__ASSIGNMENT__. Every line from the one holding "The deep palmar" through the one holding "You just saw" in the data below must be returned exactly, both ends included, with pictures left out and nothing else added.

__EXTRACTED ENTRIES__.

━━━━━━━━━━━━━━━━━━━━━━━━━━━━━━

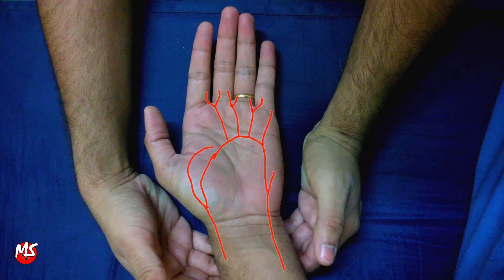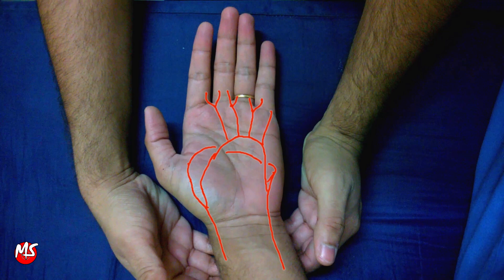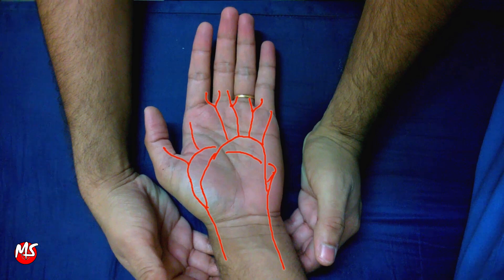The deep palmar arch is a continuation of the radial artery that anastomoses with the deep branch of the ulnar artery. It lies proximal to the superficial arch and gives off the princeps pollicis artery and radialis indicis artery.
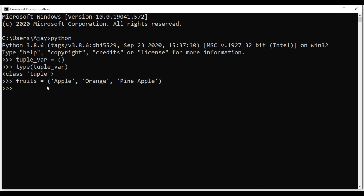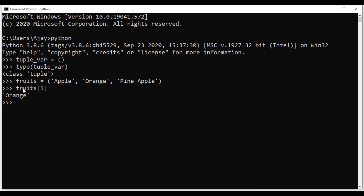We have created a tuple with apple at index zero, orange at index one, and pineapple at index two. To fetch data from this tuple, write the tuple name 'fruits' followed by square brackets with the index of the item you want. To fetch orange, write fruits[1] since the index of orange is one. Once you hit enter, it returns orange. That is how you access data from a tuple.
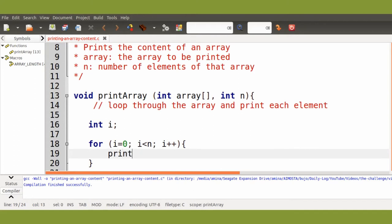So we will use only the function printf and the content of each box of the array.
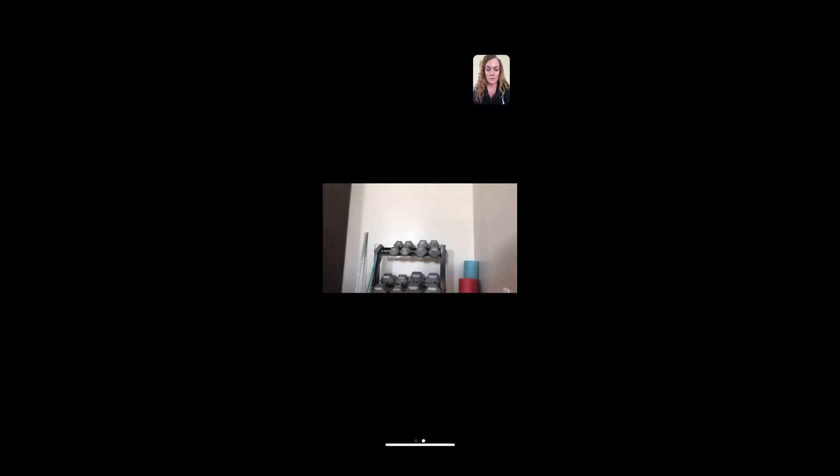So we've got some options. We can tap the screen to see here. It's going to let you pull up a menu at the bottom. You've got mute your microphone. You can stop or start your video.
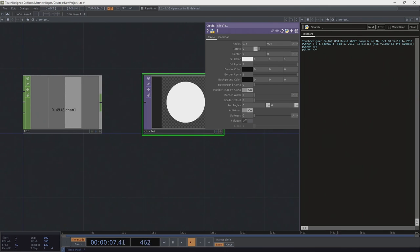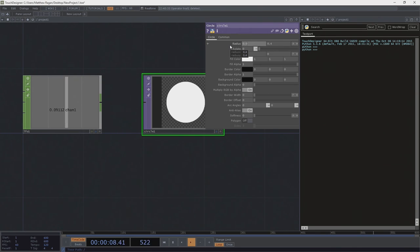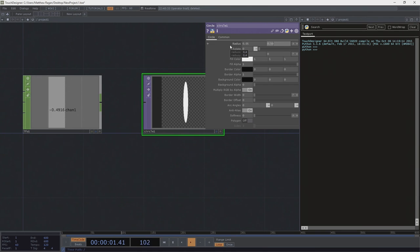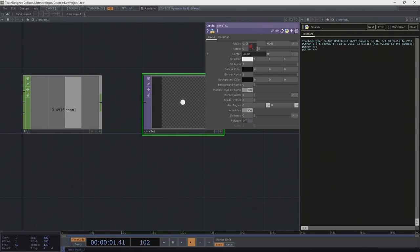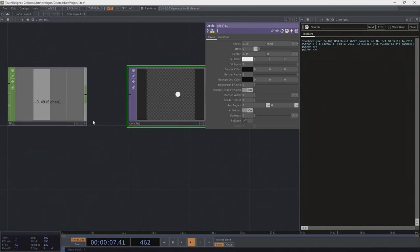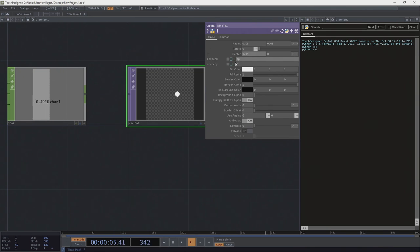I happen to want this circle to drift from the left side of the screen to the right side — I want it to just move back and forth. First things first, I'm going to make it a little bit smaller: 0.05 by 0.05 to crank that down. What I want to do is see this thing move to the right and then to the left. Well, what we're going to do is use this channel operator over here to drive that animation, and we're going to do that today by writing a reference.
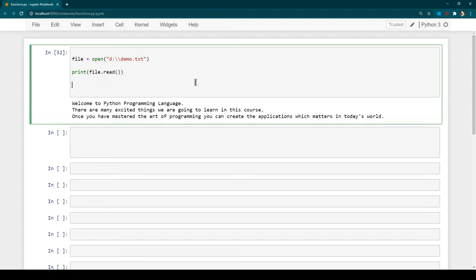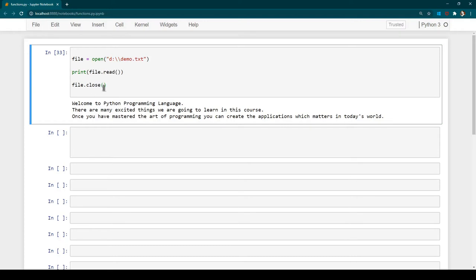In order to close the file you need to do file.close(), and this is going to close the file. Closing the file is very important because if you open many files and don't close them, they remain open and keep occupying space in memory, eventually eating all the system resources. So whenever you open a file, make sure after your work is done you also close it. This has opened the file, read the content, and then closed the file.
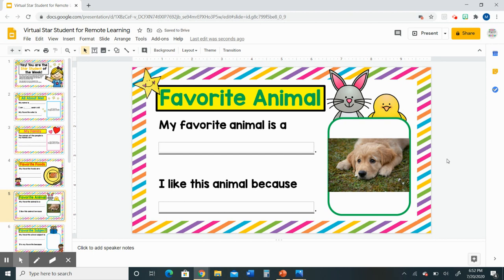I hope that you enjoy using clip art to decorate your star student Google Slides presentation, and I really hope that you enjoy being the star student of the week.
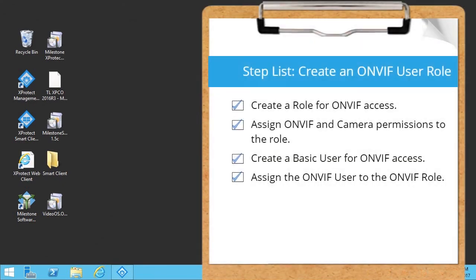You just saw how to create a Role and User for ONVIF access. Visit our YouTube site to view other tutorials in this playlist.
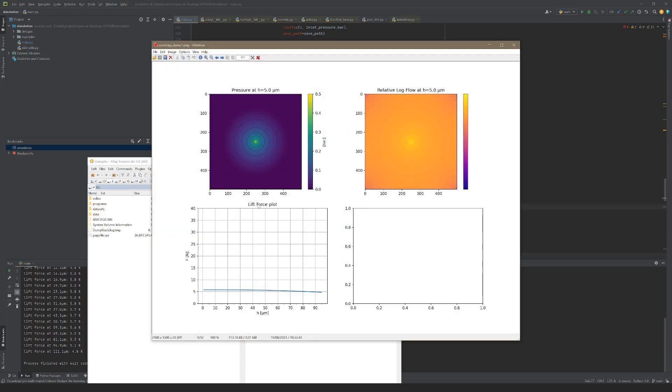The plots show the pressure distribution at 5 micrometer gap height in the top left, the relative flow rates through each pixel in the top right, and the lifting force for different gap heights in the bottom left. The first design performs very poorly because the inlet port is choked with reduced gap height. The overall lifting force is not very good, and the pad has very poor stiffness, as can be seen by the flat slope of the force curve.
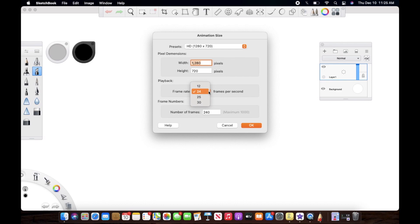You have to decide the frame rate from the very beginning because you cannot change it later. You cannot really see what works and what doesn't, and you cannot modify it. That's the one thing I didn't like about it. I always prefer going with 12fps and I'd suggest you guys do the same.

━━━━━━━━━━━━━━━━━━━━━━━━━━━━━━

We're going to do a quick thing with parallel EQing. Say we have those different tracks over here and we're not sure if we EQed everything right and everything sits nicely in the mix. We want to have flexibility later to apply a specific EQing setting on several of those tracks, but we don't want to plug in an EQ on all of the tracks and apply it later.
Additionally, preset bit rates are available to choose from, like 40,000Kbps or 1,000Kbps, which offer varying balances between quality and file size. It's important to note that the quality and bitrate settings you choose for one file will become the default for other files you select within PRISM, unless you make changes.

━━━━━━━━━━━━━━━━━━━━━━━━━━━━━━

__ANSWER SECTION__.
The deep palmar arch is a continuation of the radial artery that anastomoses with the deep branch of the ulnar artery. It lies proximal to the superficial arch and gives off the princeps pollicis artery and radialis indicis artery.
We have created a tuple with apple at index zero, orange at index one, and pineapple at index two. To fetch data from this tuple, write the tuple name 'fruits' followed by square brackets with the index of the item you want. To fetch orange, write fruits[1] since the index of orange is one. Once you hit enter, it returns orange. That is how you access data from a tuple.
So we will use only the function printf and the content of each box of the array.
So we've got some options. We can tap the screen to see here. It's going to let you pull up a menu at the bottom. You've got mute your microphone. You can stop or start your video.
I happen to want this circle to drift from the left side of the screen to the right side — I want it to just move back and forth. First things first, I'm going to make it a little bit smaller: 0.05 by 0.05 to crank that down. What I want to do is see this thing move to the right and then to the left. Well, what we're going to do is use this channel operator over here to drive that animation, and we're going to do that today by writing a reference.
In order to close the file you need to do file.close(), and this is going to close the file. Closing the file is very important because if you open many files and don't close them, they remain open and keep occupying space in memory, eventually eating all the system resources. So whenever you open a file, make sure after your work is done you also close it. This has opened the file, read the content, and then closed the file.
I hope that you enjoy using clip art to decorate your star student Google Slides presentation, and I really hope that you enjoy being the star student of the week.
You just saw how to create a Role and User for ONVIF access. Visit our YouTube site to view other tutorials in this playlist.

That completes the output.